_WHAT TO WORK ON_
Exactly as they appear, print the line with "WATCH: FOX 32" and each line after it through the end of the entries below; leave out pictures.

_ENTRIES PROVIDED_

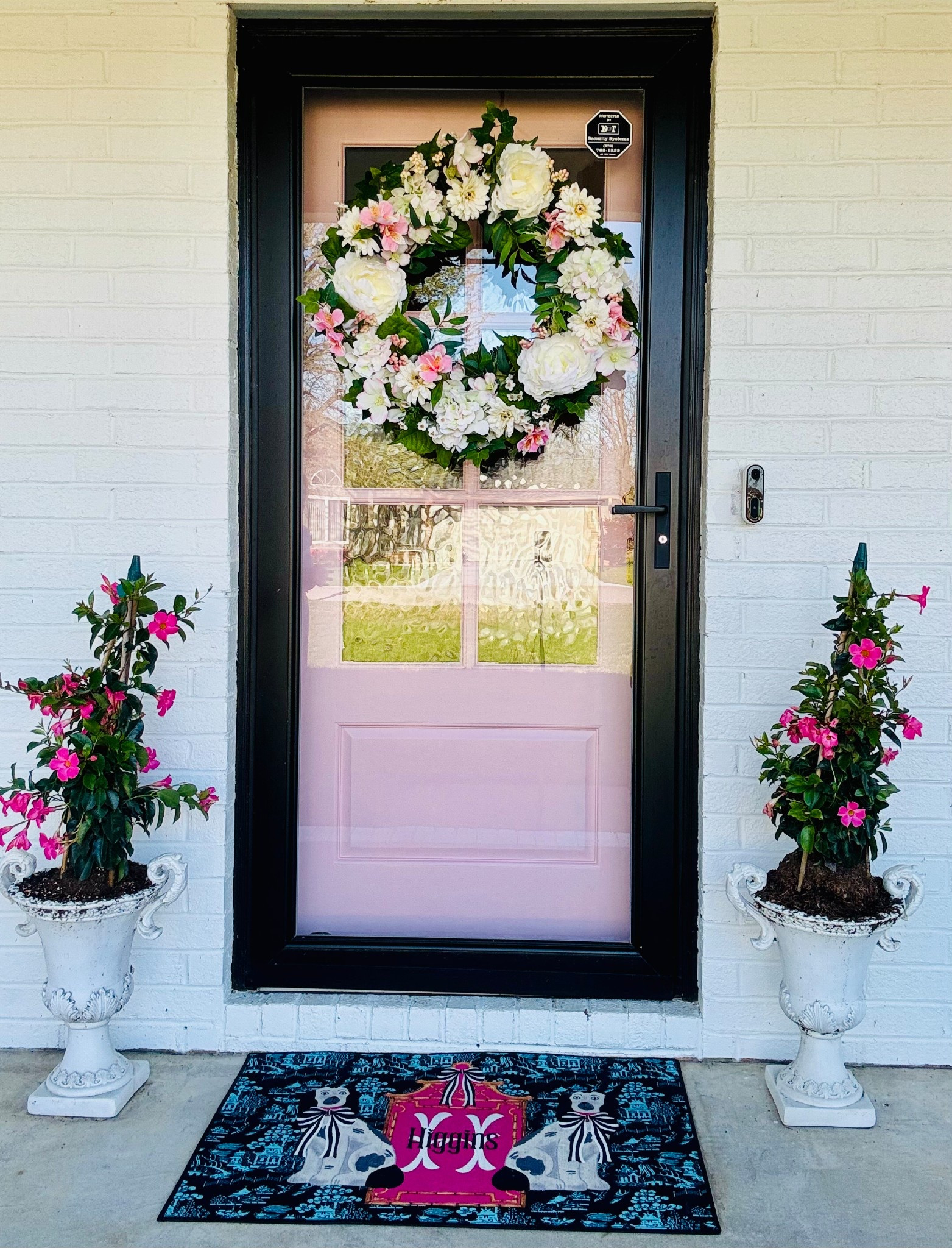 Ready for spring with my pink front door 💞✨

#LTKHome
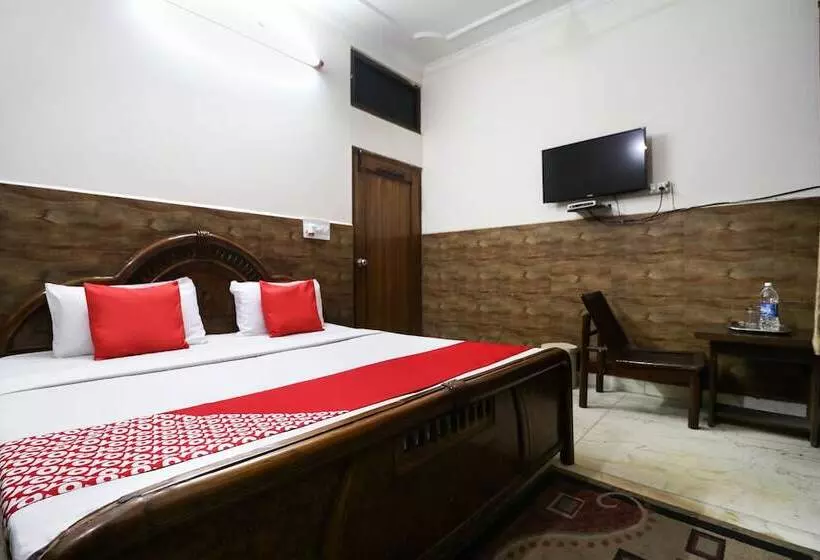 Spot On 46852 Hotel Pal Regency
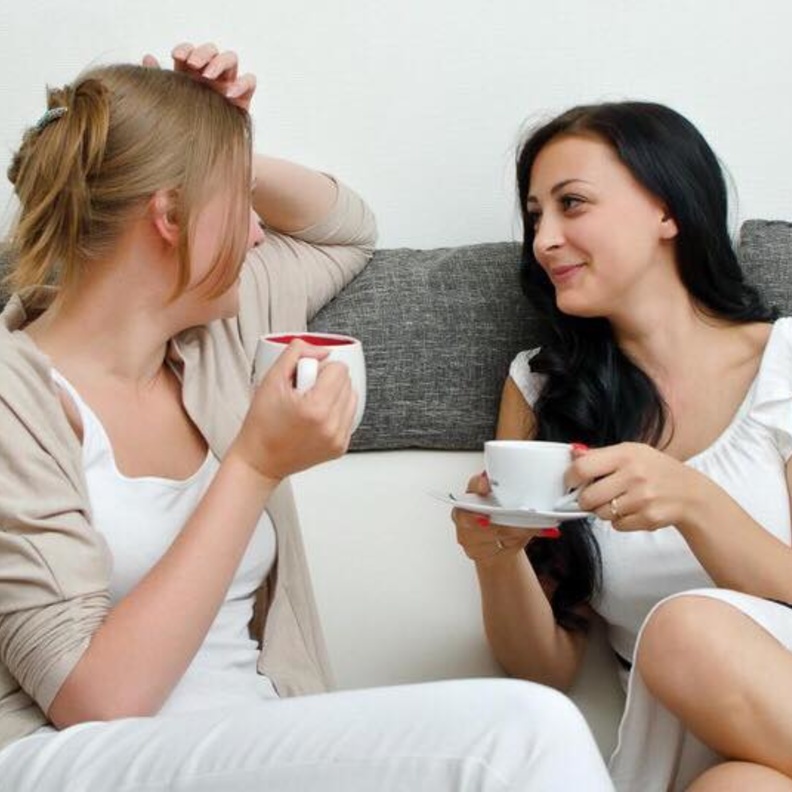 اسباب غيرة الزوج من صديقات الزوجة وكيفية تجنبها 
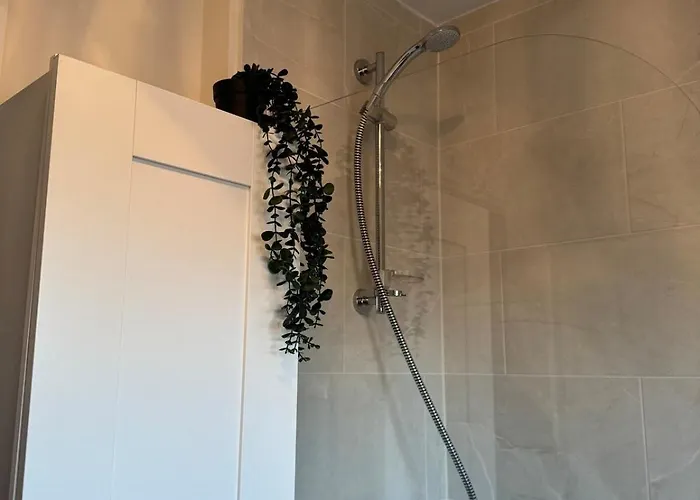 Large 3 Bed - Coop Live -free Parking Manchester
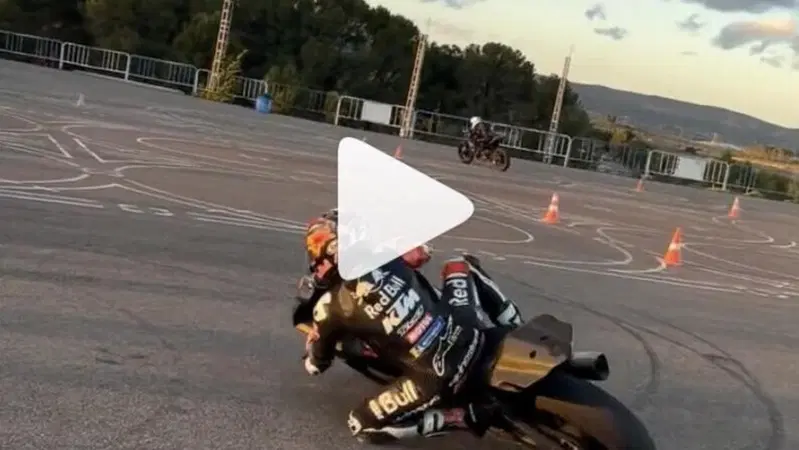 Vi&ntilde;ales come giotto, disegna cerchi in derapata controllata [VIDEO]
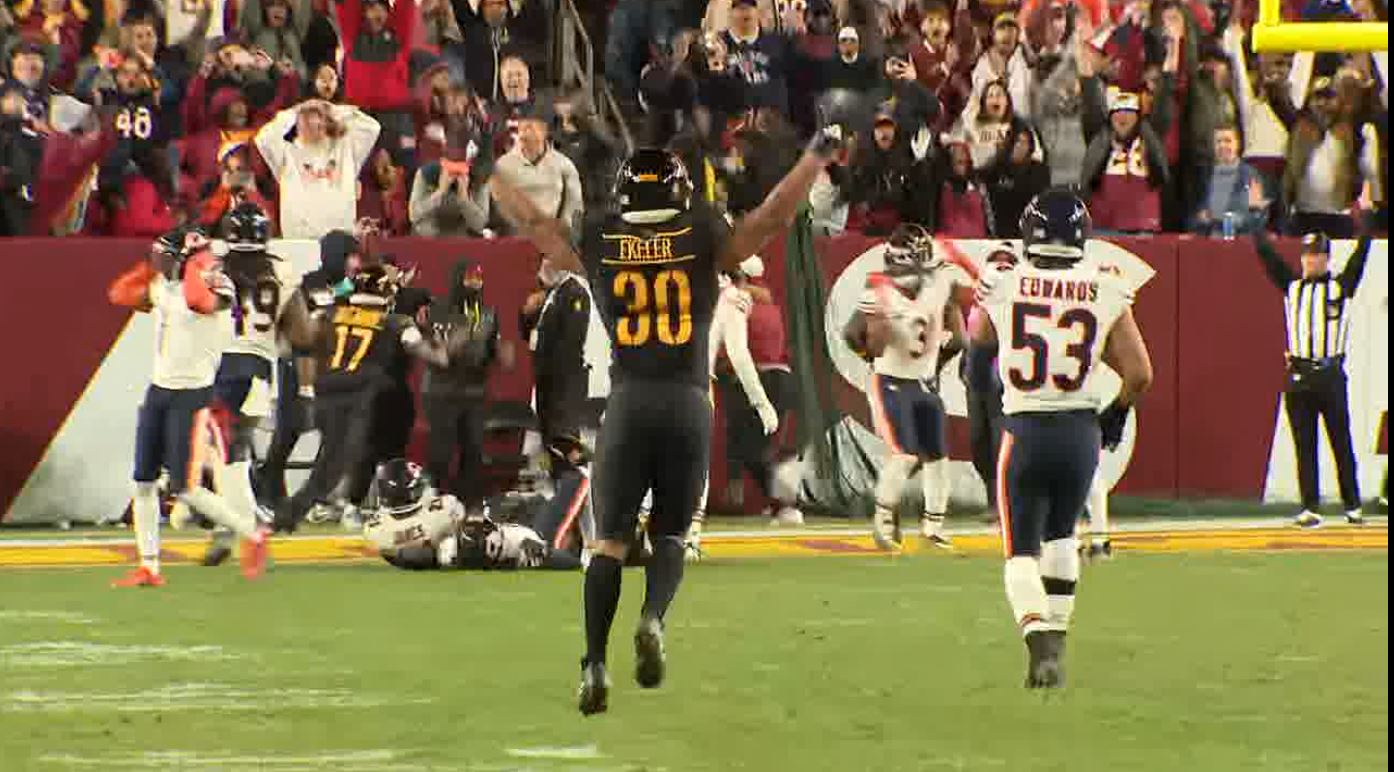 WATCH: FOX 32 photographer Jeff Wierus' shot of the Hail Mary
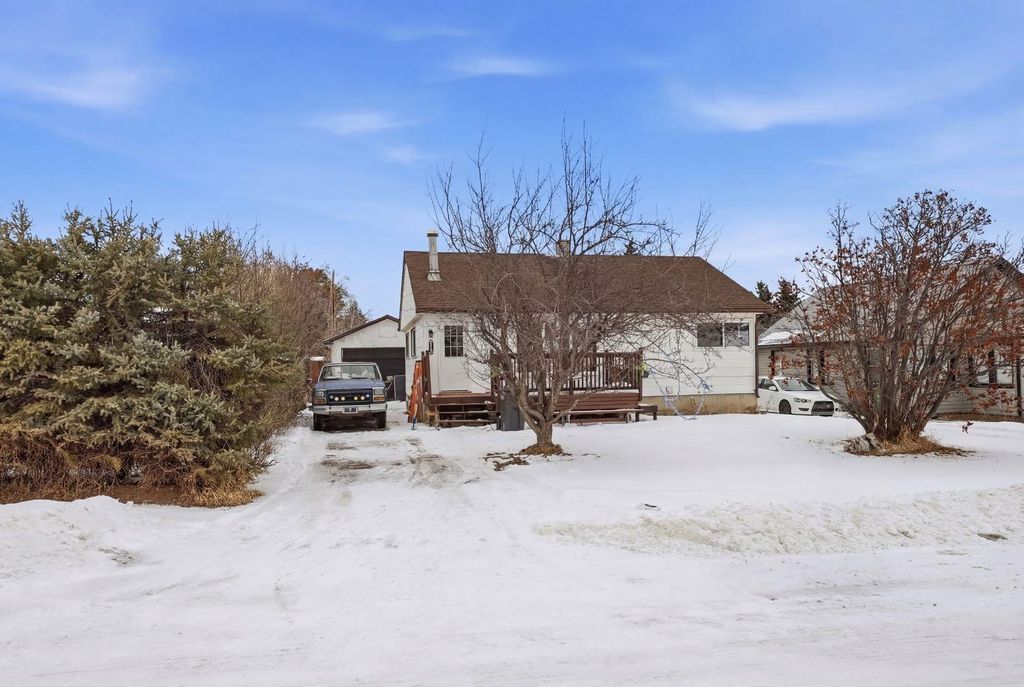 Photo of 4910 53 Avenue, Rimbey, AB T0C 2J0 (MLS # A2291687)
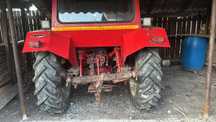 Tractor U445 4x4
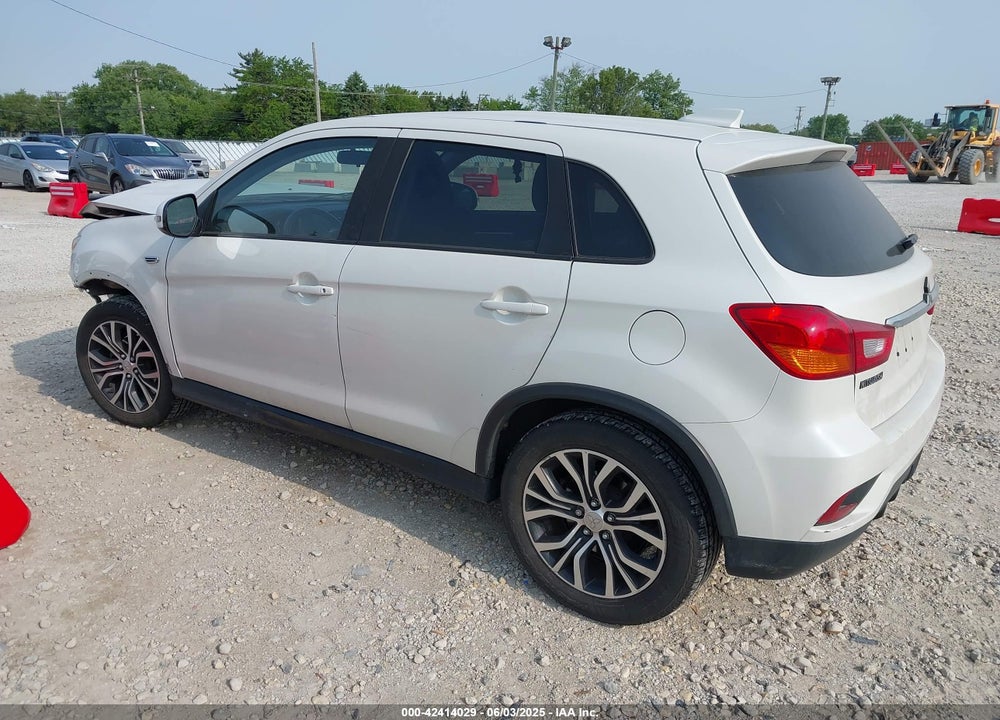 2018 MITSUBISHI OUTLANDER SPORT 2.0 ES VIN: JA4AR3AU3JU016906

_TASK OUTPUT_
 WATCH: FOX 32 photographer Jeff Wierus' shot of the Hail Mary
 Photo of 4910 53 Avenue, Rimbey, AB T0C 2J0 (MLS # A2291687)
 Tractor U445 4x4
 2018 MITSUBISHI OUTLANDER SPORT 2.0 ES VIN: JA4AR3AU3JU016906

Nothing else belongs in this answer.